The dispute over the interpretation of subpart (D) centers on the meaning and role of the word “while” in the context of the subdivision. ILHC suggests that subpart (D) is unambiguous and that “while” expresses a conditional relationship requiring only that “if a structure existed prior to the 1991 levy, it must not have been assessed or paid tax under Chapter 273 but still met the remaining conditions of the statute.” (emphasis added). In short, ILHC’s position is that subpart (D) does not require a structure to have been in existence before the 1991 tax levy. Rather, ILHC asserts that subpart (D) requires that a structure meet all of the subdivision’s requirements only if it existed before 1991.
In contrast, the county argues that “while” means “at the same time” or “during the time that.” The county asserts that under its definition a structure had to comply with subparts (A)-(C) at the same time that it was not assessed and taxes were not paid—i.e., assisted living services had to have been provided at the same time the structure was not assessed and taxes were not paid. Such compliance could happen only if the structure was in physical existence before the 1991 tax levy. The county also argues that under ILHC’s interpretation the second half of subpart (D) would be redundant with another provision of the subdivision. Both parties use common dictionary definitions to support their respective positions.
Faced with essentially the same arguments on the meaning and role of the word “while,” the tax court concluded that, because both meanings of “while” were based on common usage as evidenced by the dictionary definitions, subpart (D) was ambiguous. Having determined that subpart (D) was ambiguous, the court then attempted to ascertainthe intent of the legislature in order to resolve the question whether subpart (D) excluded facilities not in physical existence before 1991.

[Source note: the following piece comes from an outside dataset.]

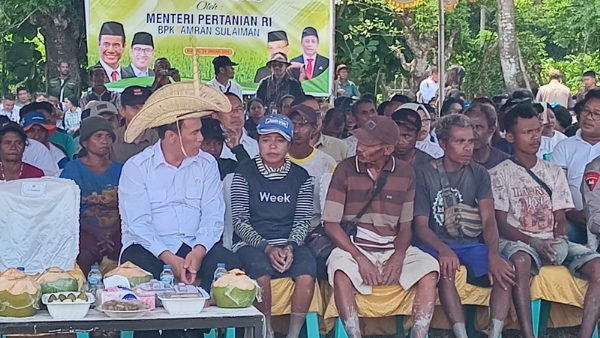 Mentri Pertanian RI, Andi Amran Sulaiman saat berbincang bersama petani (yandry/kupangterkini.com)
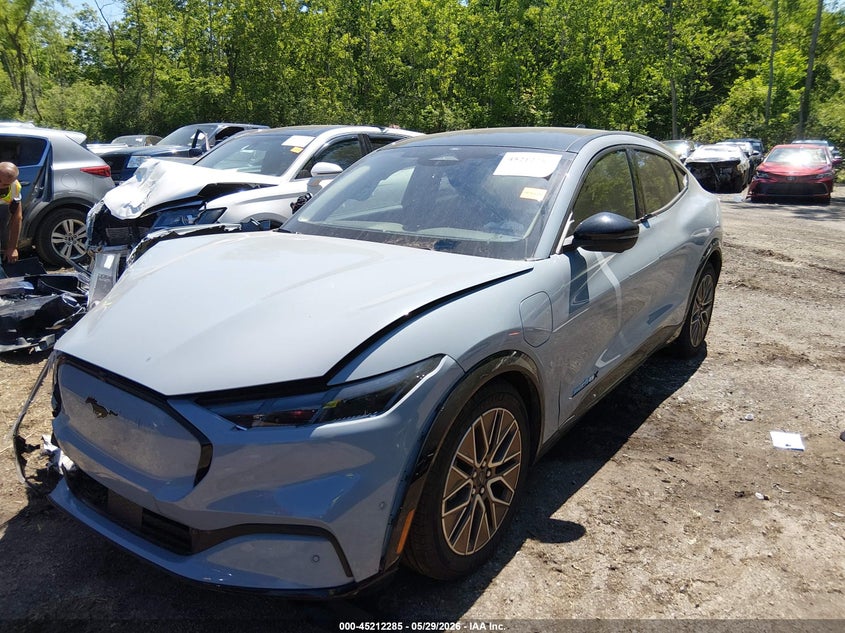 2024 Ford Mustang mach-e VIN 3FMTK3SU2RMA53331 IAAI salvage auction — RIGHT FRONT, Wait Title, sold $9,950 on 2026-08-20 (photo 2)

Claims that the tax court committed an error of law are subject to our review. Minn. Stat. § 271.10, subd. 1 (2004); Homart Dev. Co. v. County of Hennepin, 538 N.W.2d 907, 910 (Minn. 1995). Here, our review is based on the county’s claim that the tax court erroneously interpreted Minn. Stat. § 272.02, subd. 26. We review the interpretation of statutes de novo. A & H Vending Co. v. Comm’r of Revenue, 608 N.W.2d 544, 547 (Minn. 2000). When interpreting statutes that exempt property from taxation, we adhere to the proposition that “taxation is the general rule and exemption the exception.” Chateau Community Housing Ass’n, Inc. v. County of Hennepin, 452 N.W.2d 240, 242 (Minn. 1990). Moreover, “statutory provisions exempting property from taxation are to be strictly construed.” In re Raynolds’ Estate, 219 Minn. 449, 453, 18 N.W.2d 238, 240 (1945); see also TCF Bank Sav. FSB v. Comm’r of Revenue, 486 N.W.2d 756, 758 (Minn. 1992).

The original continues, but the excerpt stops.